+++ The records

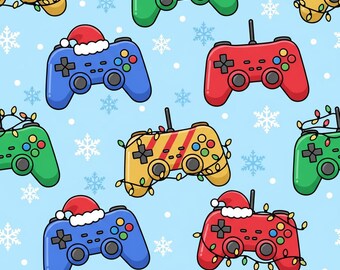 Video Game Christmas Wrapping Paper: Gamer Controller Design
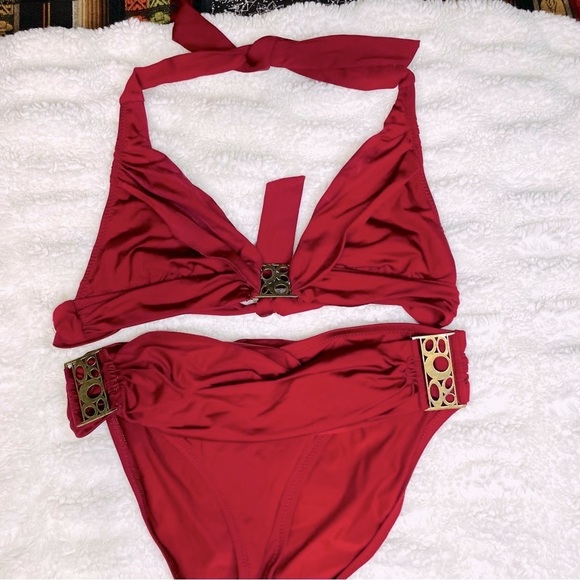 Becca by Becca virtue bikini maroon with bronze accents size small - Picture 1 of 12
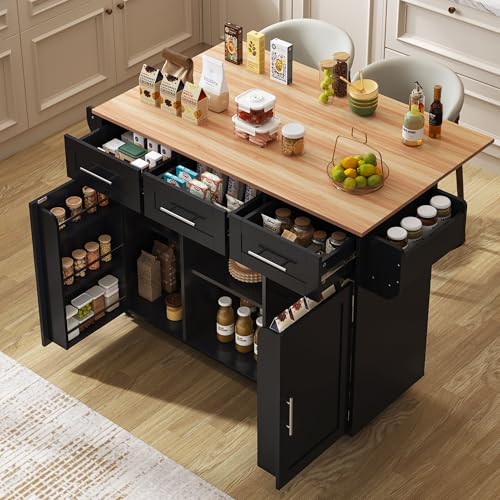 Huayz Isla de cocina con encimera plegable de móvil carrito de servicio con ruedas con 3 cajones/2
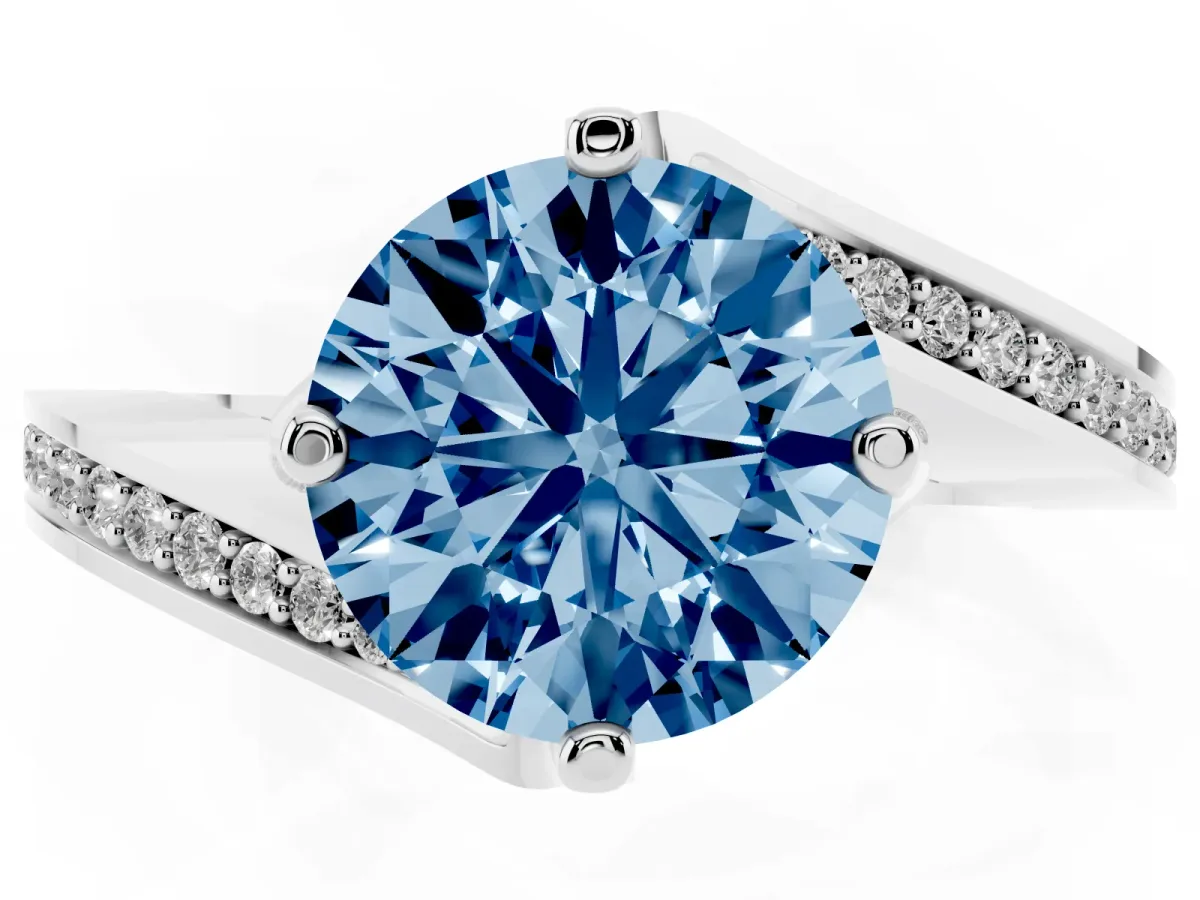 Fancy Blue Round Cut Solitaire Diamond Twist Band with Pavé Setting and Four-Prong Setting Silver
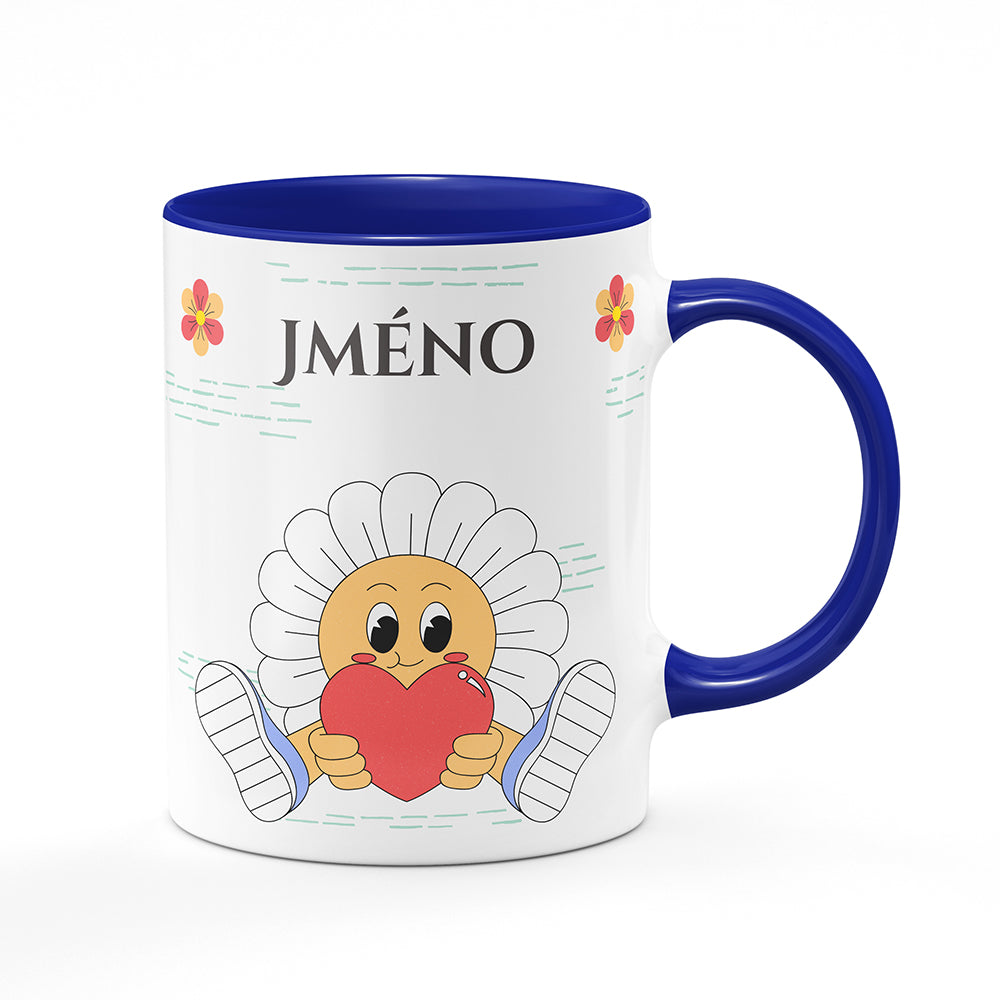 Keramický hrnek bílý s modrým lemem vnitřkem a uchem motiv Květina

++++++

The data above must be reproduced exactly, without any of its pictures.

 Video Game Christmas Wrapping Paper: Gamer Controller Design
 Becca by Becca virtue bikini maroon with bronze accents size small - Picture 1 of 12
 Huayz Isla de cocina con encimera plegable de móvil carrito de servicio con ruedas con 3 cajones/2
 Fancy Blue Round Cut Solitaire Diamond Twist Band with Pavé Setting and Four-Prong Setting Silver
 Keramický hrnek bílý s modrým lemem vnitřkem a uchem motiv Květina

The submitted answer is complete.